Given data section start
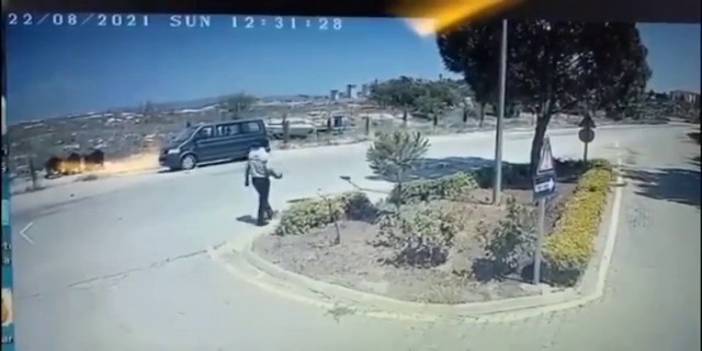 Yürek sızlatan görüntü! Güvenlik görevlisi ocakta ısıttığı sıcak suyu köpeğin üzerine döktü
Given data section end
Given data section start
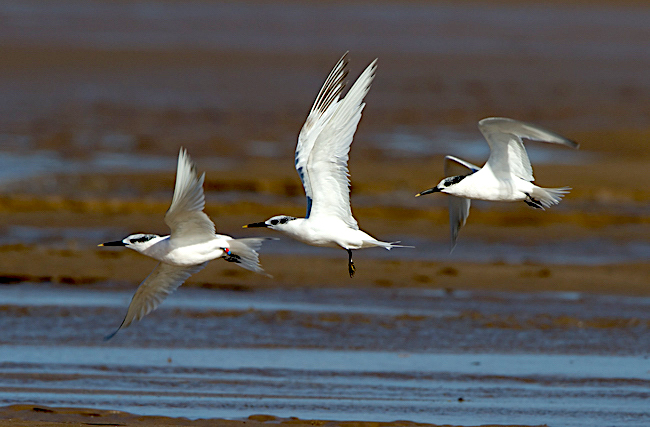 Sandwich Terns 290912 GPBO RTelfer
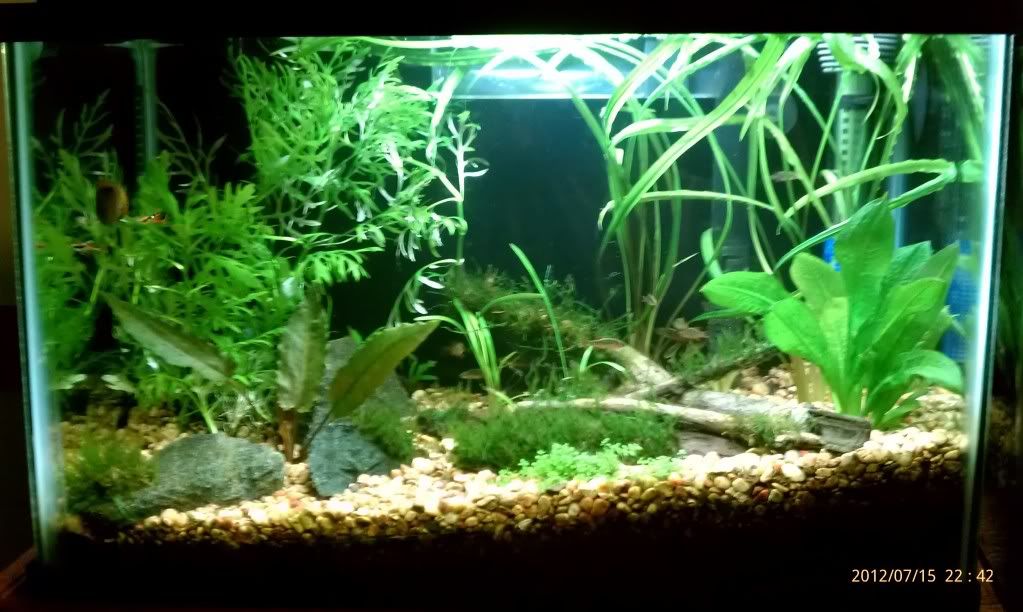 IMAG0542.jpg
Given data section end
Given data section start
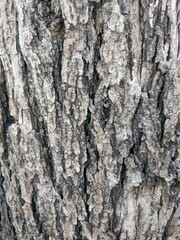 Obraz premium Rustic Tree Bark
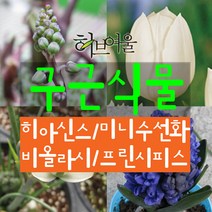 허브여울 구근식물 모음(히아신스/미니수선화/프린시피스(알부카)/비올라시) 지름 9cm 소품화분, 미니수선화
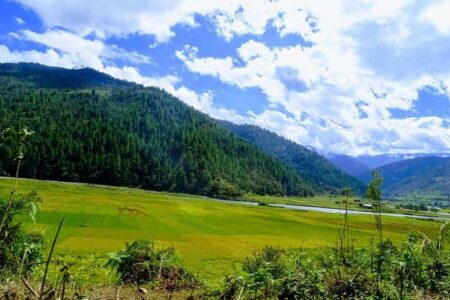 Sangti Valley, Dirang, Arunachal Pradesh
Given data section end
> [Work to complete]: Within the entries above, the lines from the one containing "허브여울 구근식물 모음(히아신스/미니수선화/프린시피스(알부카)/비올라시)" through the one containing "Sangti Valley, Dirang, Arunachal Pradesh" are to be transcribed exactly, ends included, pictures excluded.

> [Task output]:
 허브여울 구근식물 모음(히아신스/미니수선화/프린시피스(알부카)/비올라시) 지름 9cm 소품화분, 미니수선화
 Sangti Valley, Dirang, Arunachal Pradesh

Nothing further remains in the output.